Dan Alter
Photo: A. Mathiowetz
Dan Alter, Judy Halebsky, Maw Shein Win
29 MAY 2025 — thursday
Poetry Flash presents a book launch for Dan Alter, who will read from his new collection Hills Full of Holes; he'll be joined in the celebration by Judy Halebsky, Spring and a Thousand Years (Unabridged), and Maw Shein Win, Percussing the Thinking Jar, Art House Gallery & Cultural Center, 2905 Shattuck Avenue, Berkeley, two blocks north of Ashby BART, refreshments, free, 7:00 pm PDT (poetryflash.org).
Thank you for continuing to support Poetry Flash and our reading series. The featured books will be available for signing at the event and at bookshop.org/shop/poetryflash. This event will be posted on the Poetry Flash YouTube channel: www.youtube.com/channel/UClwdR-uPFNz7XxbBbLcnoEA.
MORE ABOUT THE READERS
Dan Alter's new poetry collection is Hills Full of Holes. Judy Halebsky says, "These immersive poems open interior and exterior worlds and diminish dichotomies of plant and human, nature and industry, history and now. Tender and vivid, they ask the reader to change perspectives and see the world anew." Dan Alter's previous collection is My Little Book of Exiles, winner of the Poetry Prize for the 2022 Cowan Writer's Awards. A volume of translations, Take a Breath, You're Getting Excited, was published in 2024. He has published poems in journals including Field, Fourteen Hills, Pank, and ZYZZYVA. He was a fellow of the Arad Arts Project and a finalist for the Rosenberg Award for Poems on the Jewish Experience. He is a member of the Community of Writers at Olympic Valley, and holds an MFA from Saint Mary's College of California. The Learning and Engagement Coordinator at the Magnes Museum, he lives in Berkeley.

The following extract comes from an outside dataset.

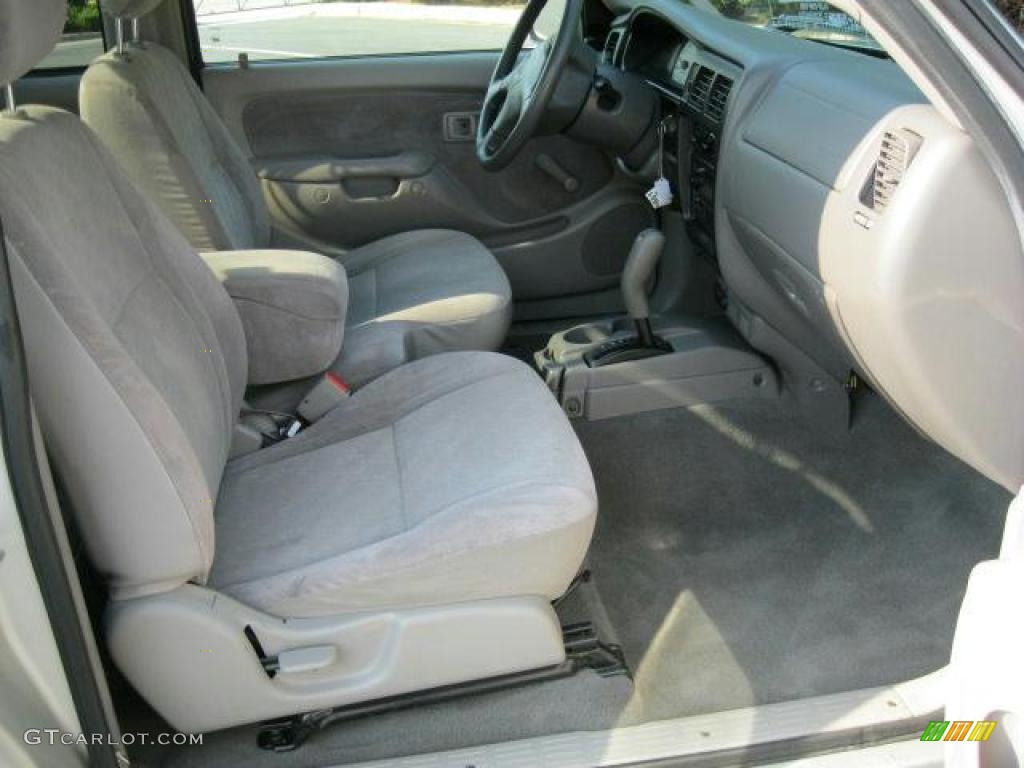 Charcoal Interior 2004 Toyota Tacoma SR5 Xtracab Photo #47245283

Judy Halebsky has three full-length books, most recently Spring and a Thousand Years (Unabridged), winner of the Miller Williams Poetry Prize. Katy Peterson says, "Under the spell of Basho's haiku, but written in a voice entirely its own, Judy Halebsky's Spring and a Thousand Years (Unabridged) is the first book of poetry I've read in years that makes civilization look good. It makes me want to make dinner, make love, and make noise. Only a poet this generous, this wise, and this rich in language could have made this splendid thing. Read this book and you will wish you were her neighbor." Her previous collections are Sky = Empty, winner of the New Issues Poetry Prize, Tree Line, and Space/Gap/Interval/Distance, a chapbook. Originally from Nova Scotia, she moved to the Bay Area to study poetry at Mills College, then spent five years in Japan on fellowships from the Japanese Ministry of Culture. She directs the low-residency MFA at Dominican University of California, and lives in Oakland.

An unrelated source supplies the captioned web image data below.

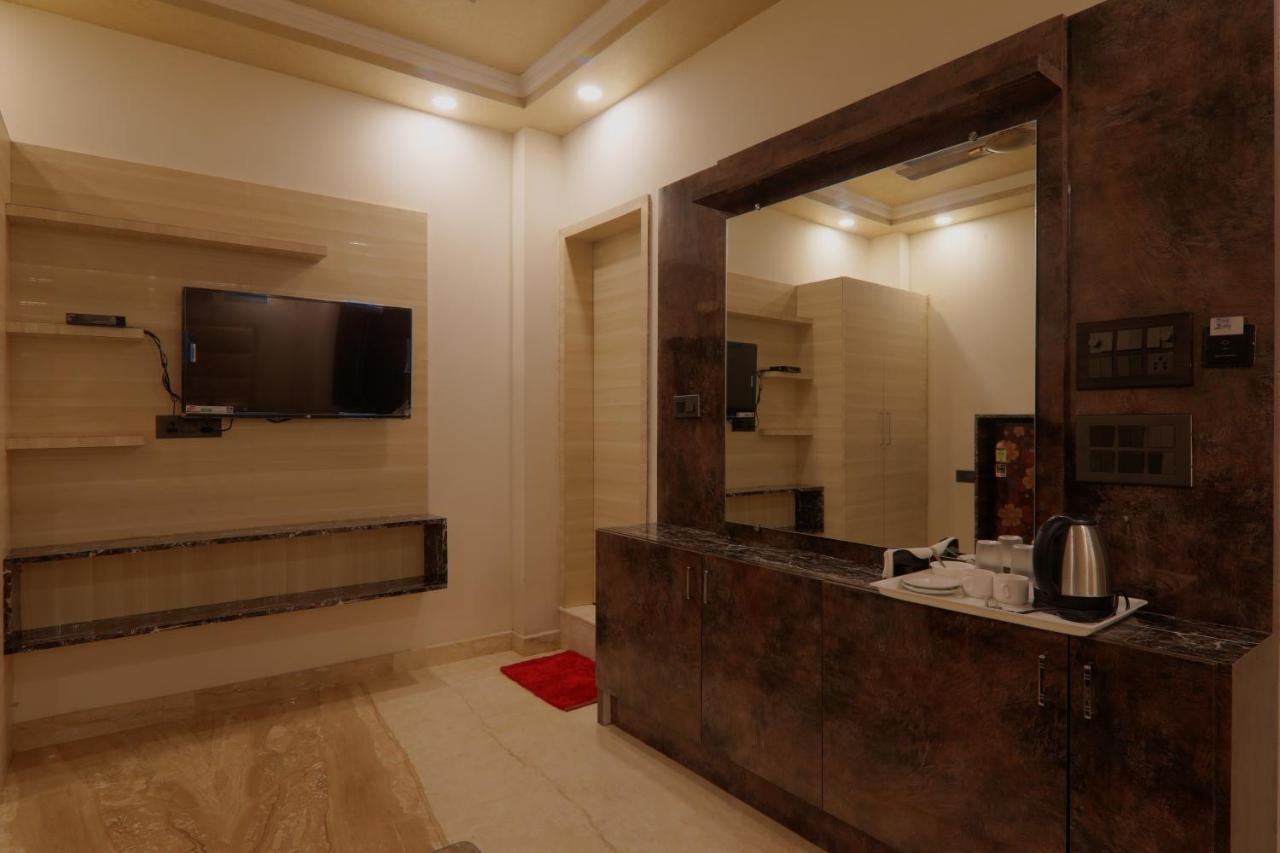فندق Shri Tirupati Residency لاكناو المظهر الخارجي الصورة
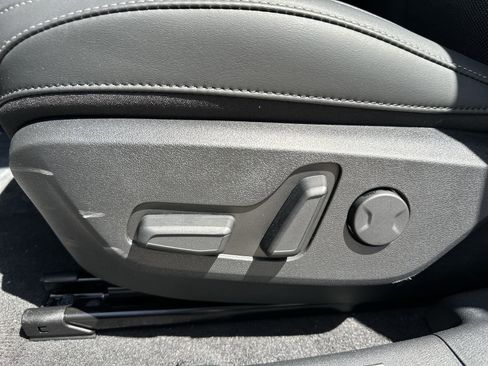 New 2025 Kia EV6 Light w/ Light LR Technology Package image 16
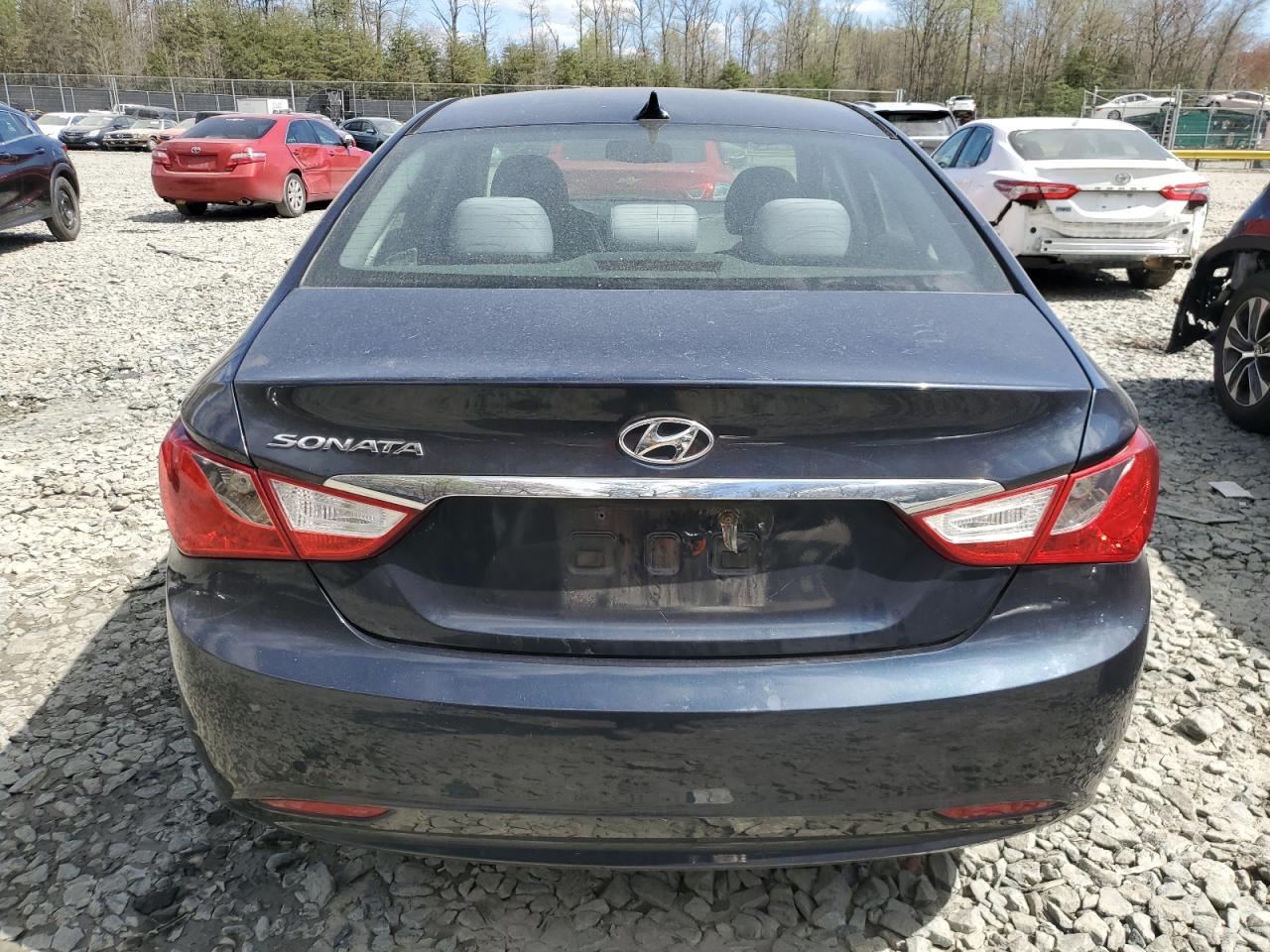5NPEB4AC4DH530156 2013 Hyundai Sonata Gls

Maw Shein Win's new book of poems is Percussing the Thinking Jar. Lee Herrick says, "Percussing the Thinking Jar is a marvel of lyric invention. The 'thought logs' make stream of consciousness feel new. Stroke log, vertigo log, anxiety meditations, wild ideas: no idea or language is out of Win's reach." Her previous collections include Storage Unit for the Spirit House, nominated for the Northern California Book Award in Poetry, longlisted for the PEN America Open Book Award, and shortlisted for CALIBA's Golden Poppy Award for Poetry; Invisible Gifts: New and Selected Poems; and two chapbooks, Ruins of a glittering palace and Score and Bone. A Burmese-American poet who teaches poetry in the MFA Program at the University of San Francisco, she served as the inaugural Poet Laureate of El Cerrito, California 2016-2018.